A nivel mundial la trata de personas constituye el tercer delito más redituable, luego del tráfico de drogas y de armas, lamentablemente constituye una fuente de ingresos donde el respeto al cuerpo y la dignidad humana son nulos. Según la Organización de las Naciones Unidas (ONU), el 80% de las víctimas de esta actividad ilícita son mujeres y niñas.

“En el caso de Oaxaca, el 52% de sus habitantes son mujeres y muchas de ellas pertenecen a alguna etnia indígena, además de ser un destino y paso obligado dentro de la ruta migratoria lo cual es aprovechado por organizaciones delictivas”, señaló en entrevista Sheila Sánchez López, jefa del Departamento de Igualdad de Género de la Dirección de Derechos Humanos del Poder Judicial del Estado (PJE).

Conforme cifras estadísticas de la Dirección de Planeación e Informática de este órgano judicial, del año 2018 al 20 de junio de 2019, dentro de los delitos más comunes por región, se tiene registro de 205 por trata de personas.

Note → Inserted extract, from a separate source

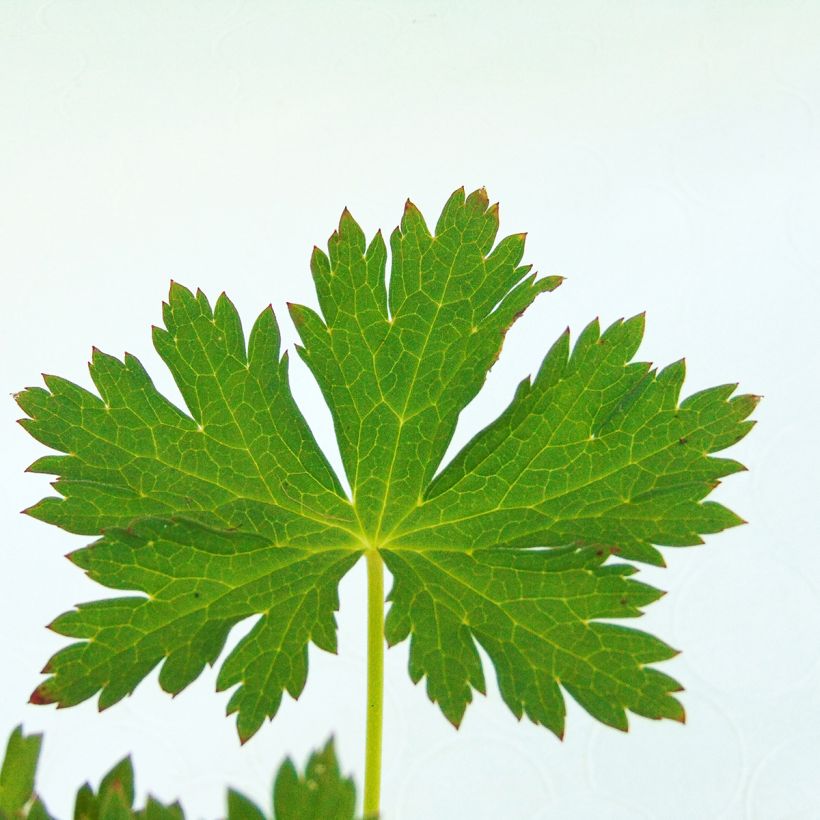Delphinium Crystal Delight - Pied d'alouette élevé (Foliage)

Las regiones con más casos son los Valles Centrales, el Istmo de Tehuantepec y la Costa.

En este contexto, la funcionaria judicial señaló que cualquier persona puede ser víctima de este delito, ya que actualmente el crimen organizado se favorece de la popularidad de las redes sociales entre la población joven, así como de los beneficios que trae consigo el uso de estas plataformas.

De igual modo, apuntó que la trata de personas, dada sus características, no es posible comprenderla desde un solo enfoque, su definición se ha construido bajo distintas perspectivas, como: penal, derechos humanos, vulnerabilidad, movilidad humana y desde la perspectiva de género, por lo cual, a partir de la Reforma en Derechos Humanos del año 2011, se generó un marco referencial para el tratamiento de esta transgresión.

A un día de haberse conmemorado a nivel mundial la lucha contra la trata de personas, Sánchez López indicó que, para atacar el problema sobre la situación de las víctimas de tráfico humano, no solo es necesario reforzar la cultura de la denuncia por parte de las víctimas, sino generar conciencia en la sociedad para detectar y reportar conductas sospechosas a nuestro alrededor.

Asimismo, la titular del Departamento de Igualdad de Género, aseguró que el PJE, seguirá impulsando prácticas y políticas institucionales para garantizar la tutela judicial efectiva a las víctimas de este delito, desde la perspectiva de género y derechos humanos.